Je pense qu’il est très important de faire comprendre aux gens que ce n’est pas d’une question juive que nous traitons ici ; nous traitons d’une certaine relique de la période coloniale, qui se voit encore autorisée à se poursuivre dans une situation post-coloniale. Et aussi longtemps que cela continue, cela complique les relations entre le monde occidental et le monde arabe et le monde musulman.
C.B. : Le 7 novembre, le parti démocrate a gagné des élections qui vont lui permettre de contrôler le Congrès américain. Les démocrates se sont montrés critiques à l’égard de la politique de l’administration Bush dans sa conduite de la guerre en Irak. Mais le parti a répété que les relations entres les USA et Israël ne seraient pas modifiées. Cette politique est-elle la meilleure ligne d’actions pour les deux pays - sans parler des Palestiniens ?
I.P. : Les résultats des élections à mi-mandat sont à bien des égards une bonne nouvelle pour le public américain. Mais je ne pense pas que les élections vont apporter quelque bonne nouvelle que ce soit dans cette partie du monde. En d’autres termes, je ne pense pas que le renversement dans l’équilibre des forces au sein des deux chambres modifiera la politique américaine à l’égard de la Palestine.

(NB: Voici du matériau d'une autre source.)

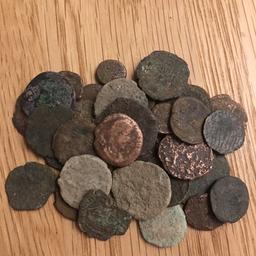 biete ein Lot von 35 römischen Münzen an. (low quality)

Keine Rücknahme oder Garantie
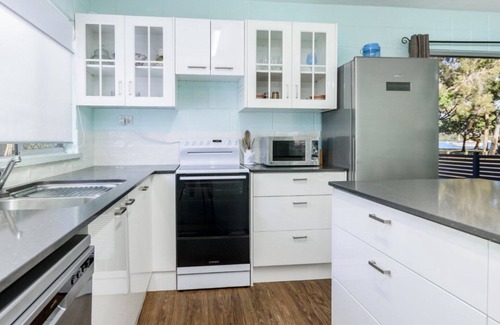 Bongaree Apartment | Charm and Comfort on Bribie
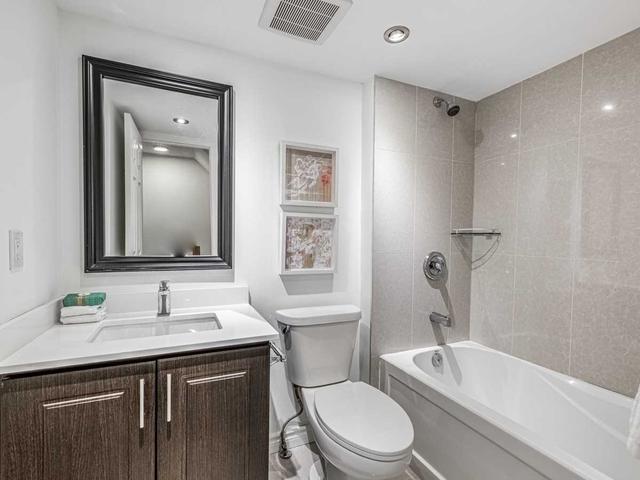 70 - 55 Turntable Cres, Townhouse with 3 bedrooms, 2 bathrooms and 1 parking in Toronto ON | Image 26
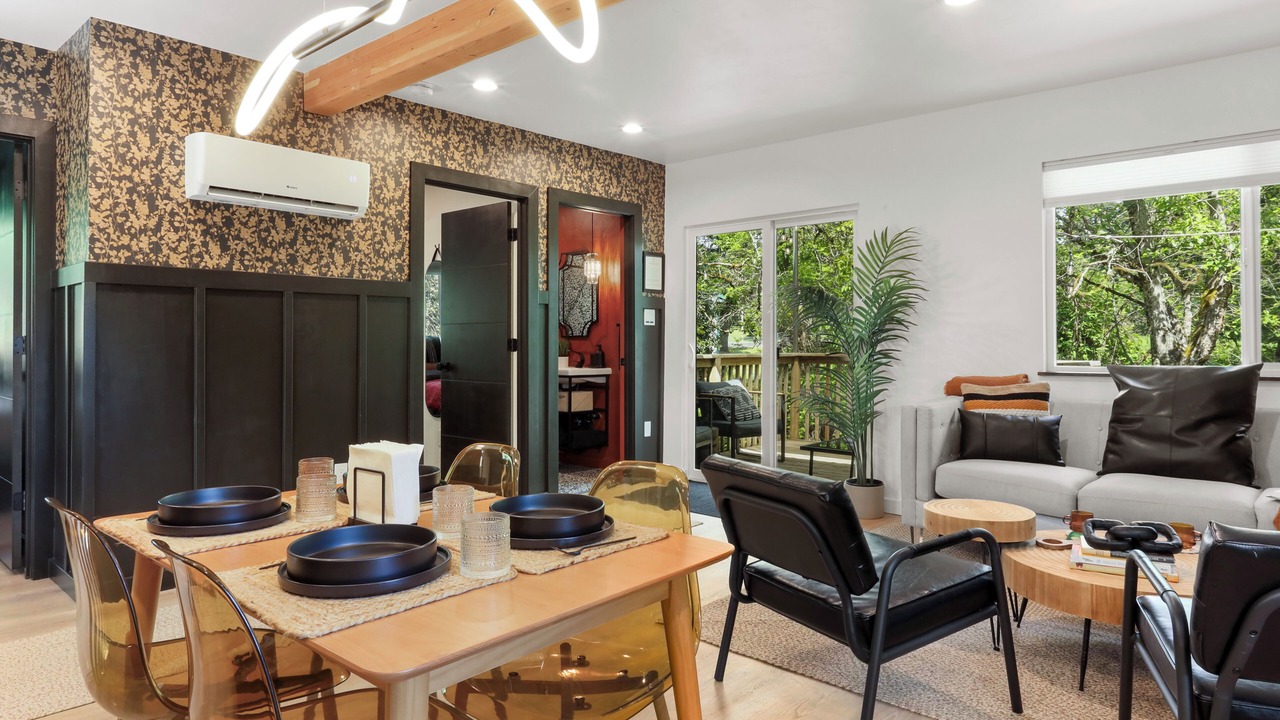 Photo of Others in Carson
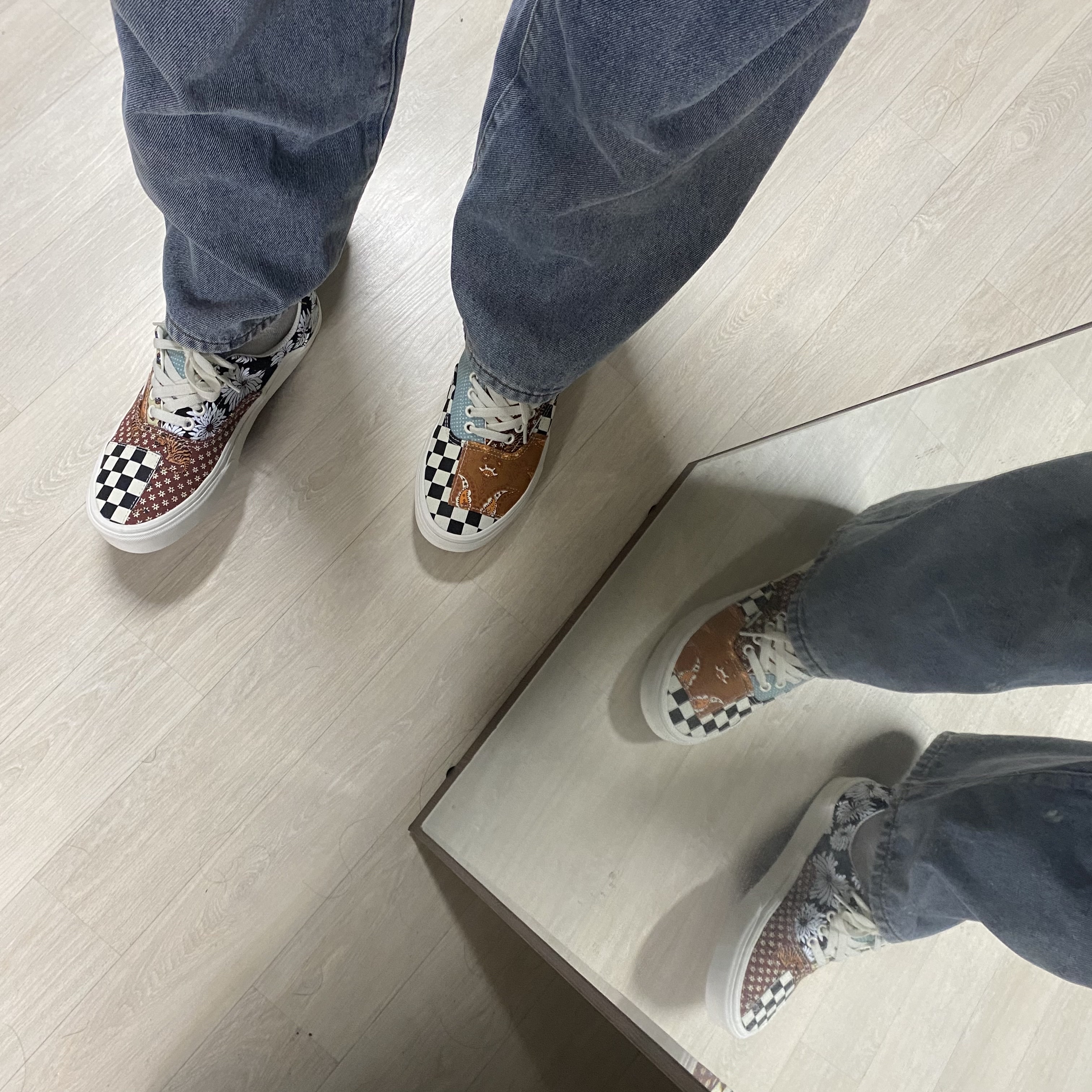 Vans Era Tiger Patchwork 착용 스타일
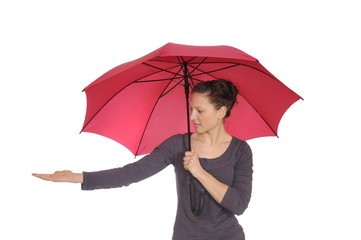 junge frau mit regenschirm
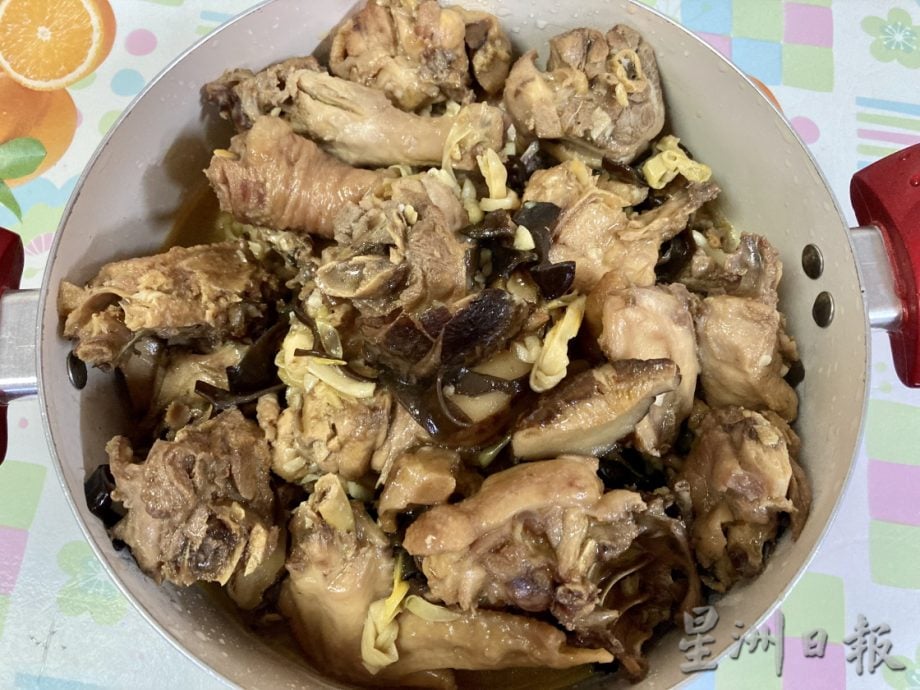 柔:封底:食客指路之私房好菜:茹燕的黄酒鸡与柠檬鸡扒(5月23日见报)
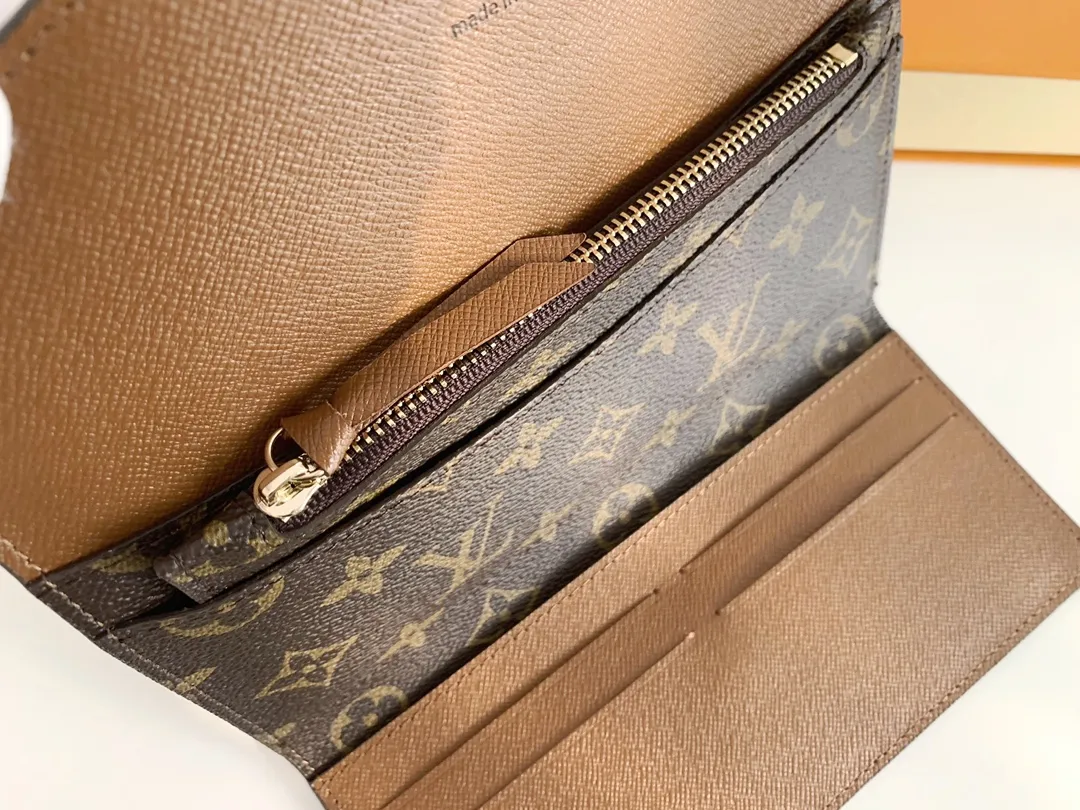 💰100 💎The Josephine Wallet is inspired by Louis Vuitton's first wallet. It is made of soft Monogram canvas and lined with brightly colored lining, giving the brand's classic design a unique and stylish beauty. The long, flat shape makes it easy to slip into any pocket or handbag. Model: M60708 Size: 19/10.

Cela peut changer, et cela devrait bien sûr changer, la politique américaine en Irak. Mais je pense que le parti démocrate est aussi engagé dans la protection d’Israël aux dépens des Palestiniens que l’était l’administration républicaine. Je ne pense pas que dans un avenir prévisible, nous devions voir un quelconque changement fondamental dans la politique américaine à l’égard d’Israël.
Vous me demandez si elle devrait changer. Evidemment, elle le devrait. Elle le devrait parce que si le parti démocrate est fidèle à la nouvelle perspective qu’il apporte à la politique américaine - l’idée que les Américains devraient avoir de la retenue dans leur conduite internationale, que le recours à la force en Irak était une erreur, et que l’image et le statut de l’Amérique dans le monde sont problématiques - si c’est effectivement là le message des démocrates, alors je pense qu’ils devraient prêter attention au fait que le statut et la position des Américains dans le monde ne sont pas seulement affectés par l’invasion de l’Irak mais aussi par le soutien inconditionnel que l’Amérique accorde à Israël aux dépens des Palestiniens.

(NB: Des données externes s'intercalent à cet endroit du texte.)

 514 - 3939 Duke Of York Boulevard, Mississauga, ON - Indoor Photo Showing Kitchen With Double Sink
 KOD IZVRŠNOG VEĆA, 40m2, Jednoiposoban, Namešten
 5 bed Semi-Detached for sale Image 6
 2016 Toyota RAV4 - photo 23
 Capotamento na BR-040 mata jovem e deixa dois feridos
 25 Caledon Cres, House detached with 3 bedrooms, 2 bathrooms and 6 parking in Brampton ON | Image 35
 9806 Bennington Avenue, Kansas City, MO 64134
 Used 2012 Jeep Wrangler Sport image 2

Je pense qu’ils devraient se rendre compte que seul un changement d’attitude à l’égard d’Israël et une approche plus honnête du conflit peuvent réellement apporter un changement constructif dans la relation entre les Etats-Unis et le monde arabe ; après tout, le monde musulman représente un quart de la population du globe.
C.B. : « La Paix Maintenant » a découvert que pour environ 40% de leur superficie, les colonies, y compris des communautés existant de longue date, sont construites sur des terres palestiniennes privées et non pas sur des terres détenues par l’Etat. La Paix Maintenant a obtenu cette information d’une source à l’intérieur de l’Administration civile qui souhaitait exposer les violations à grande échelle des droits palestiniens à la propriété par le gouvernement et les colons. Croyez-vous qu’il y a davantage de gens au sein du gouvernement à être en désaccord avec le traitement qui est fait aux Palestiniens et qui voudraient s’exprimer ouvertement ?

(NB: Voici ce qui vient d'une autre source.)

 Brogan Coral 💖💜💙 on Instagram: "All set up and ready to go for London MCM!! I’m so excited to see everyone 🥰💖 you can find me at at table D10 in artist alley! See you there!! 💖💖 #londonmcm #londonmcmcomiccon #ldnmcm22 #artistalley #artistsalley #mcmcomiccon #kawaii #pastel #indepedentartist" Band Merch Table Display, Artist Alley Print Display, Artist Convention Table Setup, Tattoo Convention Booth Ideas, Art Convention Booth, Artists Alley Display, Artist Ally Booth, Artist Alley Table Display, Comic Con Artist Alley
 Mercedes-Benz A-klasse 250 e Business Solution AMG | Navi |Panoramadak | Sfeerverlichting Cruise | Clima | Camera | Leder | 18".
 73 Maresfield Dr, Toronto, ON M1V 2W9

I.P. : Peut-être y en a-t-il davantage mais je crois que ce n’est pas assez. Ce genre de critique faite par La Paix Maintenant autour d’une information qu’ils nous divulguent, est très importante. Mais il ne faut pas oublier un instant que chaque centimètre carré qui a été pris par Israël est une occupation illégale et pas seulement les 40% de terres privées.
C’est peut-être une violation plus flagrante mais toute la présence israélienne là est une violation des droits civils et humains. Ce qu’il faut, c’est bien plus que ce genre de critique. Le problème en Israël, c’est qu’entre La Paix Maintenant et Avigdor Lieberman, il n’y a, contrairement à ce qu’on dit, pas une si grande distance idéologique. C’est une question de tactique pour savoir comment assurer au mieux un Etat juif avec une forte majorité démographique, sinon exclusive.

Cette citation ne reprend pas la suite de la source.